May 17, 2018--End Times Come to Jerusalem

I've written about this so often that I wouldn't blame you if you moved quickly to something else.

The subject of this is the real reason Christian Evangelicals are obsessed with Israel and the Jews. We got a glimpse of that obsession the other day when Ivanka Trump and Jared Kushner presided over the opening of the new U.S. embassy in Jerusalem. 

The real reason this is a big deal not just for Jews but for all Americans is because Evangelicals have an inordinate amount of political power in America now that Trump is president. He shamelessly panders to them as they constitute the heart of his base.

Hint--the real reason is not because Evangelicals are concerned about anti-Semitism. Quite the contrary. One could argue that the ways in which Evangelicals view Jews is in its essence anti-Semitic.

Evidence for this is the fact that Trump arranged to have Texas televangelist John Hagee deliver one of the prayers at the embassy's dedication. 

Hagee is well known in Evangelical circles for having said that Hitler was doing "God's work" when he slaughtered six million Jews. It was God's work because to millennialist Evangelicals such as Hagee to bring about the Second Coming of Jesus Christ and the millennium all Jews must emigrate to Israel to participate in awaiting his return.

According to Hagee and his millions of followers, when the Messiah appears, Jews will be given one final opportunity to convert to Christianity. All those who do not will be killed and relegated to an eternity in Hell.

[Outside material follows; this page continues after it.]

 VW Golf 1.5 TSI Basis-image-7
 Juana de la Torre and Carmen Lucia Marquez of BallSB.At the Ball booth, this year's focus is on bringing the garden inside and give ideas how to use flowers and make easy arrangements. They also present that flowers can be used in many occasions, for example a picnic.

In this mad scenario Jews who go along with Evangelicals' apocalyptic assignment for them will be the ultimate dupes. According to the Hagee crowd millions of Jews needed to be murdered during the Holocaust to motivate or scare the rest of us to flee to the safety of the Promised Land. Safety only if we convert to Christianity. 

What an unholy bargain.

At the very hour the embassy was being dedicated, those watching on live TV, via split screen, could witness another slaughter taking place just a few miles away--Israeli solders killing scores of protesting Palestinians and wounded well over a thousand more.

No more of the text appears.